I am yet to know people who Review code and use Gerrit to name a better solution.

I belonged to a team that used Gerrit for Review and Hosting, we changed to hosted Gitlab because people missed a "GitHub-like UI" they were used to. It was unanimous that Code Review on Gerrit was way better:

1. You start reviewing the commit message, that is the first touch point with a change everyone has 2. Navigation is done from file to file 3. On Gerrit there isn't two people commenting the same thing, because: 3.a. Messages from different people on the same line change are displayed together, not as different threads. 3.b. The review of a previous version is displayed with the next version, so you can continue the same discussion

I understand that GitHub/GitLab interface is more friendly, but their code-review really stands in the way of producing good software by not favoring good commit messages and long discussions.

discuss

order

u801e|5 years ago

> I am yet to know people who Review code and use Gerrit to name a better solution.

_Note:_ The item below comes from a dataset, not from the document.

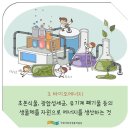 버드에너지 이미지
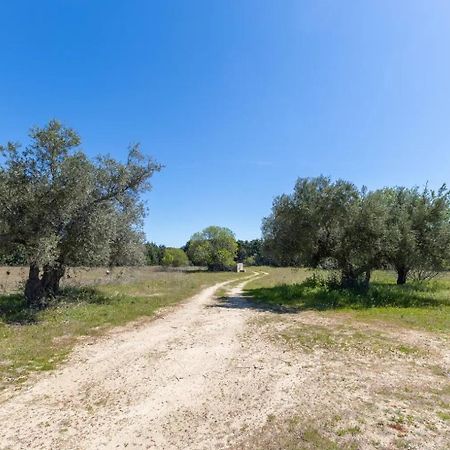 Finca El Palomar De La Vina Madrid Ngoại thất bức ảnh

What about reviews via patches sent to a mailing list?

I haven't looked into Gerrit for a while, so one question I have is how it handles related commits? The mailing list approach can group them in a single thread tied by a cover letter message where each commit along with the associated diff from the parent working tree is a message which is a reply to the cover letter message.

AaronFriel|5 years ago

To be polite, I think the target audience of these tools might not include you. While that workflow works for you and, apparently, scales for some very large projects like the Linux kernel, it isn't a good solution for an enormous number of people which is why tools like Github, Gerrit, GitLab, and others exist.

pedroms|5 years ago

I'm a Product Designer at GitLab and I appreciate your feedback.

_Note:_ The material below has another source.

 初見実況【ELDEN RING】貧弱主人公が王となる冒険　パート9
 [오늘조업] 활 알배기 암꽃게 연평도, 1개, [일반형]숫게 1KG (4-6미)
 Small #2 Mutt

We are well aware of the advantages that Gerrit has over GitLab and how these are emphasized when teams migrate to GitLab. We are working on improvements that will help mitigate this. Specifically, targeting your points:

1. We're discussing ability to comment on commit messages: https://gitlab.com/gitlab-org/gitlab/-/issues/19691 2. From version 13.2 you can opt to show one file at a time, in your user preferences: https://gitlab.com/gitlab-org/gitlab/-/issues/222790. We have also listed a number of improvements to this feature in https://gitlab.com/groups/gitlab-org/-/epics/516.

Could you expand on point 3.b? If the commented line hasn't changed from version A to B, you should be seeing the comment in version B. Or maybe you're referring to something else?